*Action item*
Produce an exact transcription of the data, with the images left out.

[Dataset extract — start]

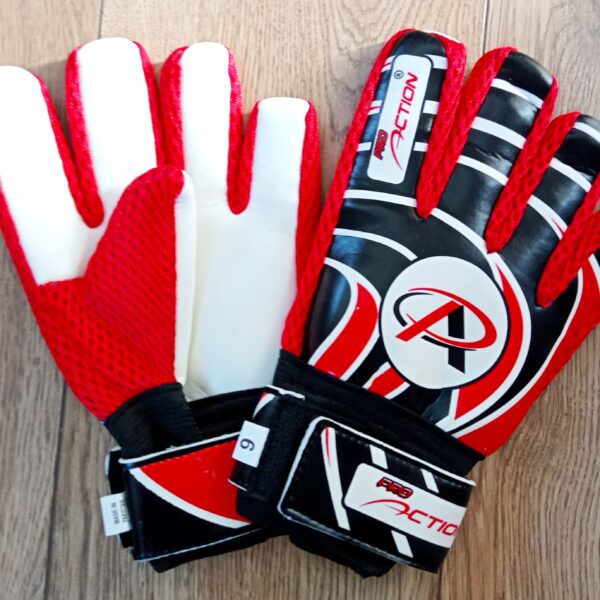 Перчатки вратарские юниорские Pro Action, размер 5-7, цвет - красно-чёрный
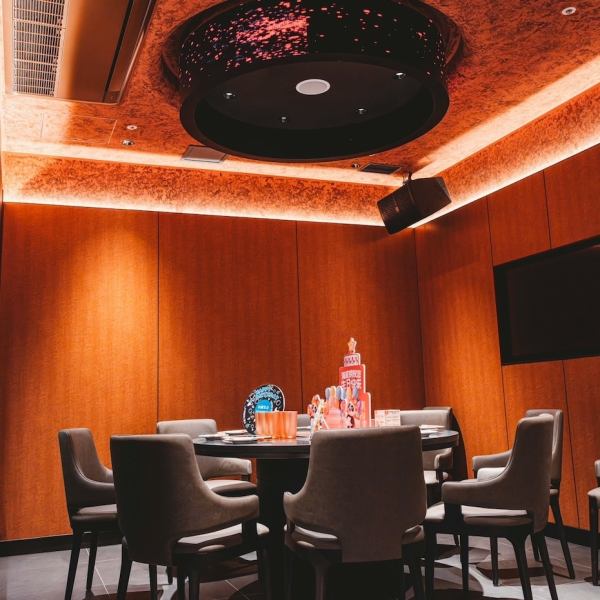 A high-quality space with a calm atmosphere.We can accommodate from 2 people up to a maximum of 150 people.Perfect for small drinking parties to large private parties.Please relax in a comfortable seat.*If you use a private room, an additional room fee of 3,000 yen (excluding tax) will be charged.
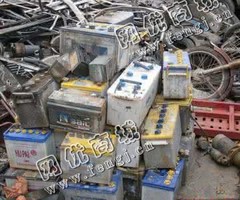 江西鹰潭地区黑皮铅酸电瓶回收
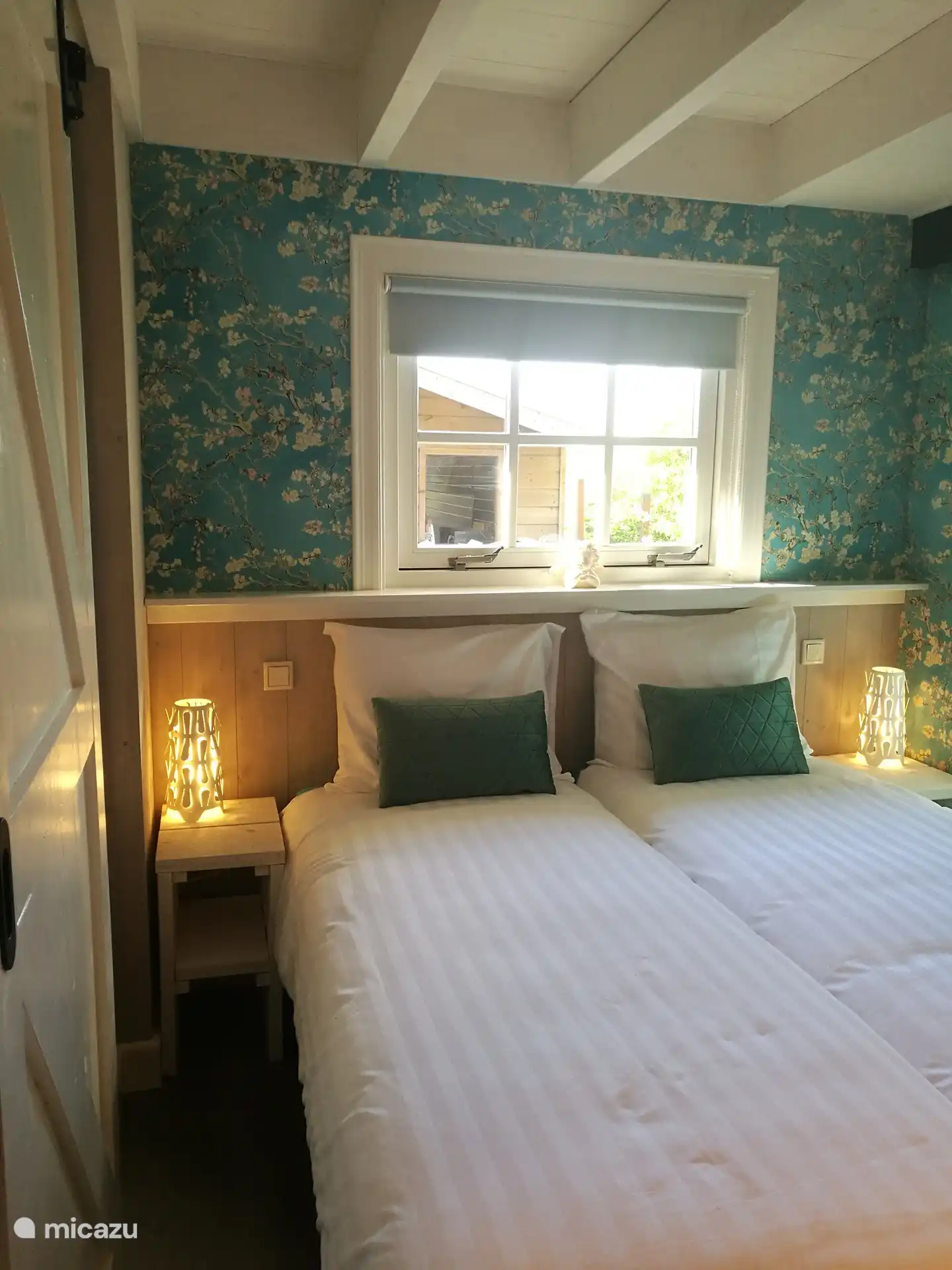 Schlafzimmer im Erdgeschoss, klein aber fein, mit eigenem Bad.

[Dataset extract — finish]

*Task response*
 Перчатки вратарские юниорские Pro Action, размер 5-7, цвет - красно-чёрный
 A high-quality space with a calm atmosphere.We can accommodate from 2 people up to a maximum of 150 people.Perfect for small drinking parties to large private parties.Please relax in a comfortable seat.*If you use a private room, an additional room fee of 3,000 yen (excluding tax) will be charged.
 江西鹰潭地区黑皮铅酸电瓶回收
 Schlafzimmer im Erdgeschoss, klein aber fein, mit eigenem Bad.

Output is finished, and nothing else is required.